Editorial: State’s fiscal choices far from easy
There’s still time from legislative candidates to announce they’ve had a change of heart and no longer feel the pull of Olympia’s gloomy grey winters.
And it won’t be very nice outside, either.
OK, that’s a cheap joke, but there is little that is cheap about running state government. Recent analyses by the Washington Office of Financial Management and Washington Research Council underscore the challenges ahead for what almost certainly will be a Legislature divided into a Republican Senate and Democratic House.

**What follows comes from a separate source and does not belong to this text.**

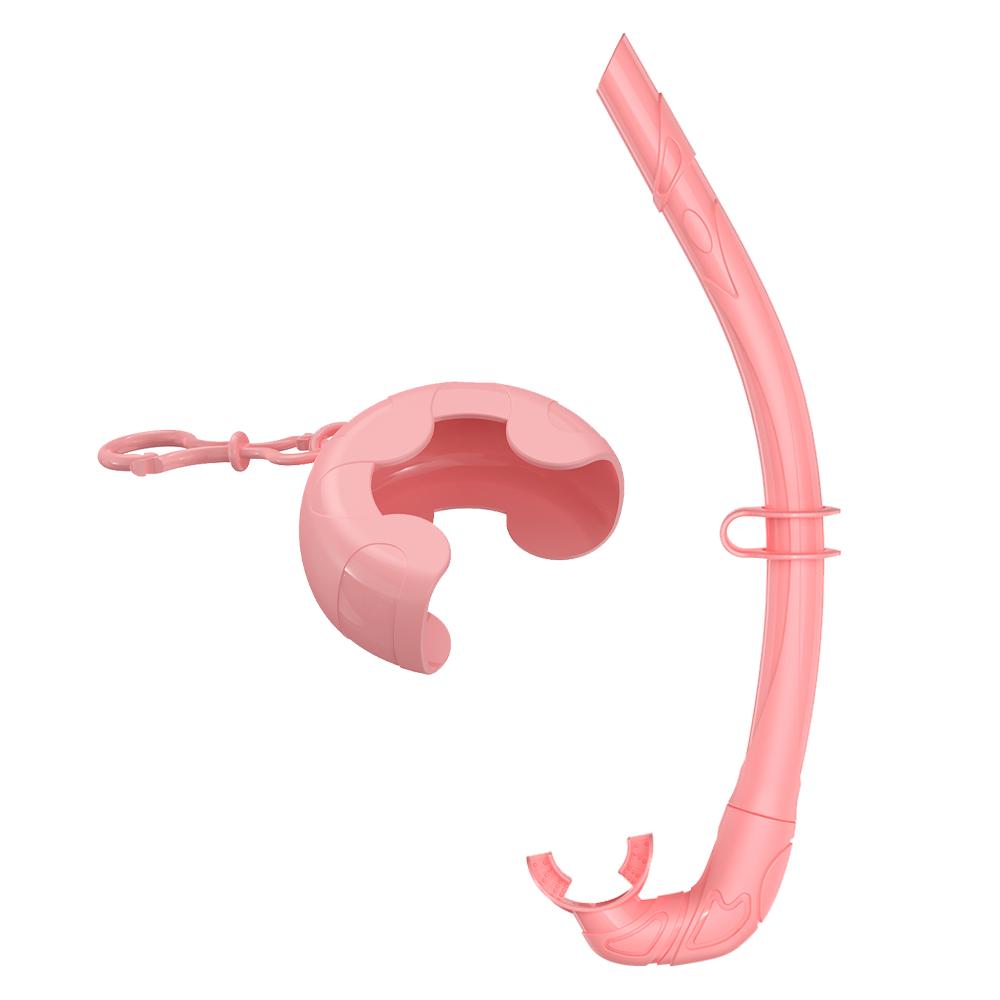 Soft Silicone Diving Snorkel Portable Foldable Easy-Breath Wet Scuba With Storage Case for Freediving Spearfishing Swimming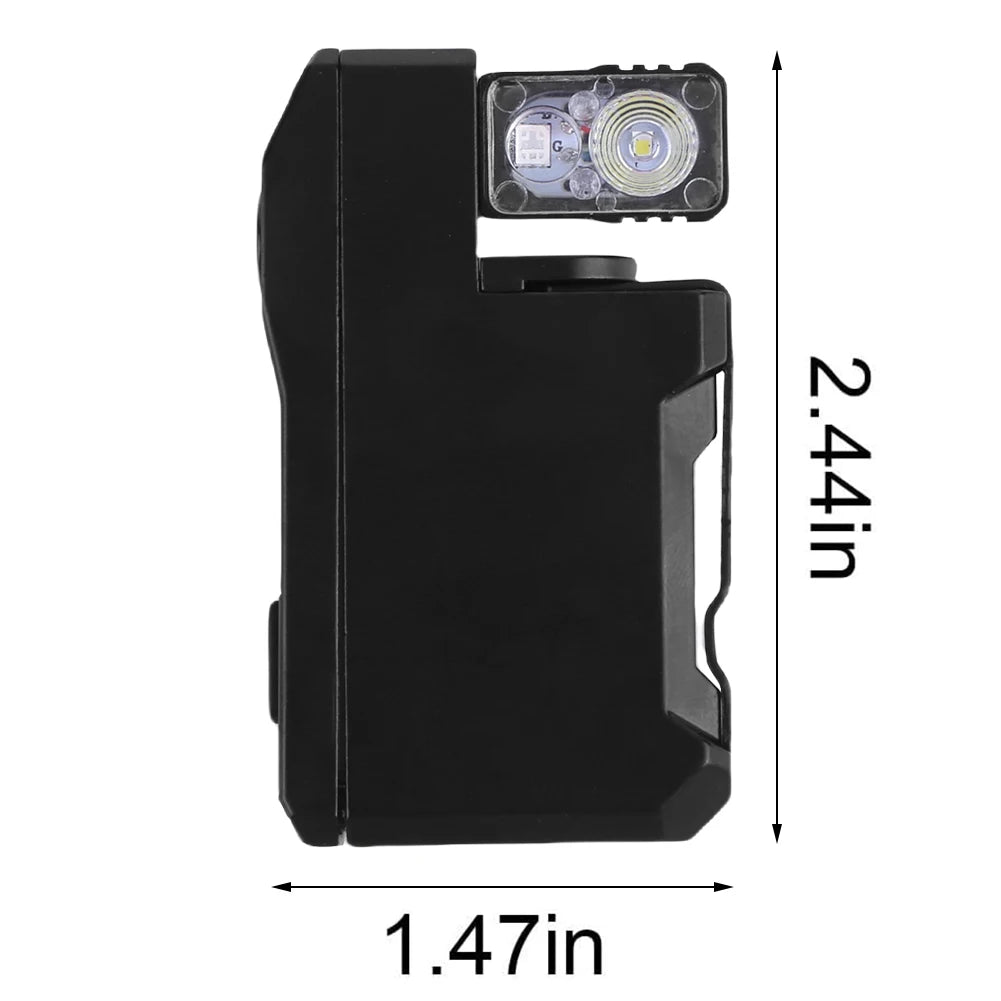 Portable Flat Pocket Flashlight 400 Lumens Magnetic Keychain Flashlight Small Flashlight for Outdoor Camping Hiking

But first, the good news. Recent rulings by the Washington Supreme Court in two related state pension cases will relieve taxpayers’ responsibility for as much as $10 billion in extra pension liabilities over the next 20 years. Although the state’s plans are in good shape overall, there’s still some catching up to do – to the tune of $432 million in the 2015-2017 biennium.
More optimistic revenue estimates also will be helpful, but it will not be news to anyone in Spokane that this recovery has not generated the economic momentum of prior rebounds. Washington finally has recovered all the jobs lost during the recession, but it took two years longer than normal.
As the research council points out, spending has exceeded revenues since 2005-2007, with the deficits papered over by “redirecting” $387 million from capital accounts into operating accounts, for example. That’s a bad practice, and an unsustainable one, yet the OFM forecast for the next biennium shows another $1 billion gap despite a projected $2.5 billion increase in revenues.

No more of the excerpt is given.